> _Task item_:
The answer must consist of every line from the data that holds the string "Drive".

> _Source records_:
+ + +
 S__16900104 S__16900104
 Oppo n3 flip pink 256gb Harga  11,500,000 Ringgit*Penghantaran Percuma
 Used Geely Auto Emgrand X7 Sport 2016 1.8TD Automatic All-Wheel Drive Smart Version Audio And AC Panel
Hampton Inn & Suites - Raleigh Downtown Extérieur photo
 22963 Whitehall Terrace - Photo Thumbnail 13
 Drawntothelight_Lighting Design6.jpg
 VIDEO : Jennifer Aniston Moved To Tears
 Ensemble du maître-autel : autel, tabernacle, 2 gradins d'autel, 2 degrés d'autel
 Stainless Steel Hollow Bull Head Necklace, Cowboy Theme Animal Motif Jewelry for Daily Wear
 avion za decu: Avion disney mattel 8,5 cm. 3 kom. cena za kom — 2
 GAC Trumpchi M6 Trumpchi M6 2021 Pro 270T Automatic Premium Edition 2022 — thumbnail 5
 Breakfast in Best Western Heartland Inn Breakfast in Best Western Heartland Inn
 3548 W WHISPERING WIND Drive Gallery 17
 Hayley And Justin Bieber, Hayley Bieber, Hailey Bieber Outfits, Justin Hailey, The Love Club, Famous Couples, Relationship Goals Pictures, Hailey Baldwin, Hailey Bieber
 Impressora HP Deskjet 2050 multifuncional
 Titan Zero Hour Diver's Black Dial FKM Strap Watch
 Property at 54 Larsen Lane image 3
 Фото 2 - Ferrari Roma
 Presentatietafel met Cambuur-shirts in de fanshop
+ + +
> _Answer box_:
 Used Geely Auto Emgrand X7 Sport 2016 1.8TD Automatic All-Wheel Drive Smart Version Audio And AC Panel
 3548 W WHISPERING WIND Drive Gallery 17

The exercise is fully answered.